→ Brief
Please copy exactly the part of the records below that opens with the line containing "7 لاعبين بالدوري" and closes with the line containing "Отель Apartamento Chueca - Plaza Pedro Zerolo Испания, Мадрид", leaving out any pictures.

→ Provided material
----------
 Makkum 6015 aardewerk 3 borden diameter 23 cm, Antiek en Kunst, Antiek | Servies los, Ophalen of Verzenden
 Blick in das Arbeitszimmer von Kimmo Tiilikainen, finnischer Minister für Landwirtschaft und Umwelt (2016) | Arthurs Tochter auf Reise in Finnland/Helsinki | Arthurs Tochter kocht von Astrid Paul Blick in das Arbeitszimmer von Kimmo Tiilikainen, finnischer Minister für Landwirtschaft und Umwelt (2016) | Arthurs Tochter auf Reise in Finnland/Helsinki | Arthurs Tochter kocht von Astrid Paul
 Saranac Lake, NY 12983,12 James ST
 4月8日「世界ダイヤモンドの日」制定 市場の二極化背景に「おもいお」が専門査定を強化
----------
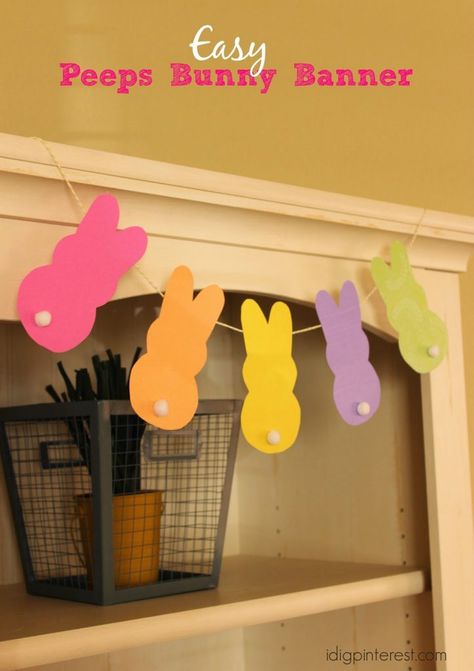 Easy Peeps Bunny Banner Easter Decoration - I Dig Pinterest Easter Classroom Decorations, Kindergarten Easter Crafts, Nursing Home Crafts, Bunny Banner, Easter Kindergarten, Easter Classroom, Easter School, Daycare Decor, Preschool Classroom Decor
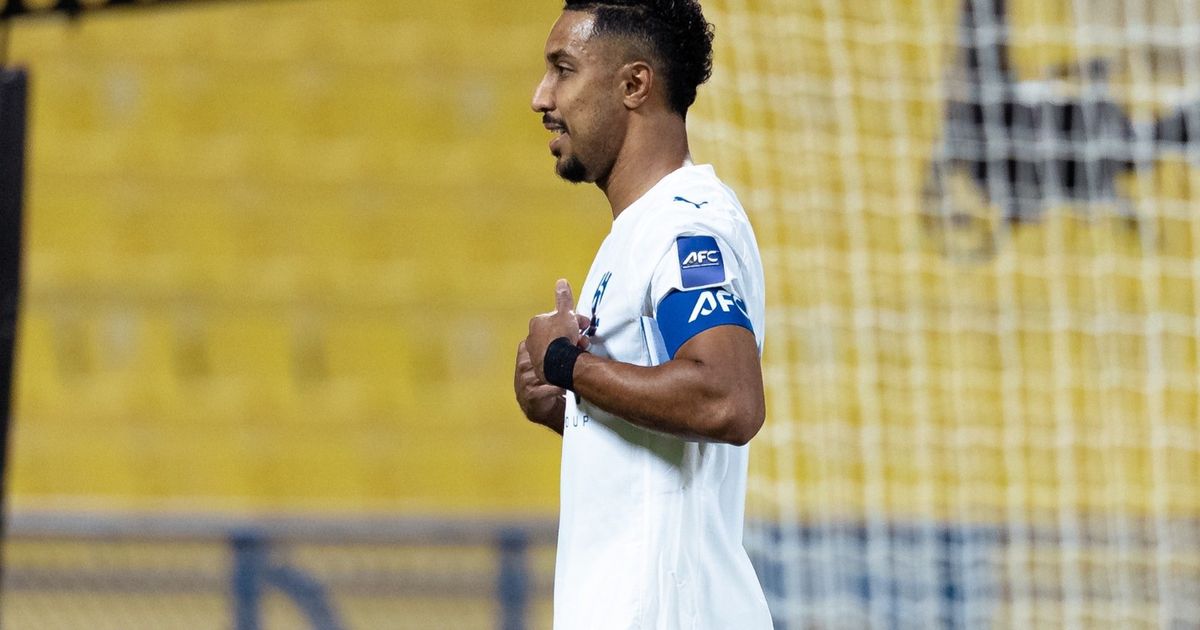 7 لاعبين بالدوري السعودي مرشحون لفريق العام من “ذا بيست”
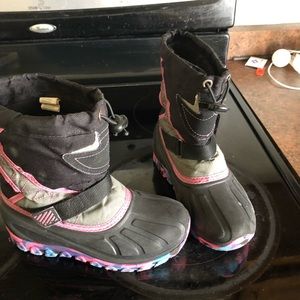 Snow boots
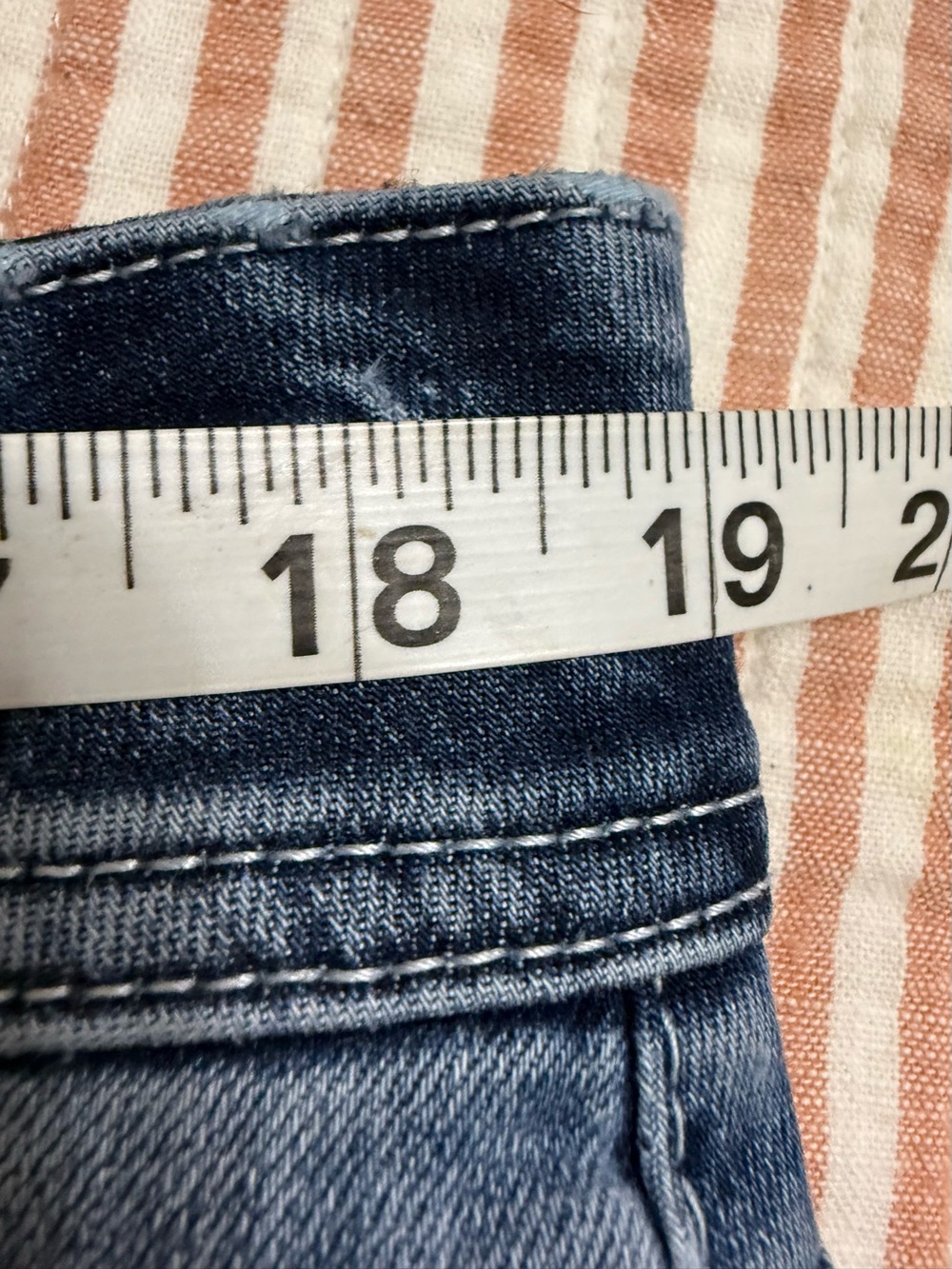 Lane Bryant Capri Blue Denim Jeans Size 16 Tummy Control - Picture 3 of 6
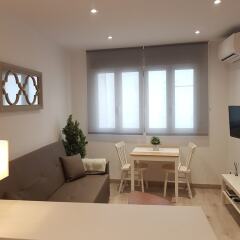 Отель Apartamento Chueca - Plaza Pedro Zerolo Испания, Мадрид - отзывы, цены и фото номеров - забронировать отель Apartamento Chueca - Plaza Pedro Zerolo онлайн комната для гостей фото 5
----------
→ Reply
 7 لاعبين بالدوري السعودي مرشحون لفريق العام من “ذا بيست”
 Snow boots
 Lane Bryant Capri Blue Denim Jeans Size 16 Tummy Control - Picture 3 of 6
 Отель Apartamento Chueca - Plaza Pedro Zerolo Испания, Мадрид - отзывы, цены и фото номеров - забронировать отель Apartamento Chueca - Plaza Pedro Zerolo онлайн комната для гостей фото 5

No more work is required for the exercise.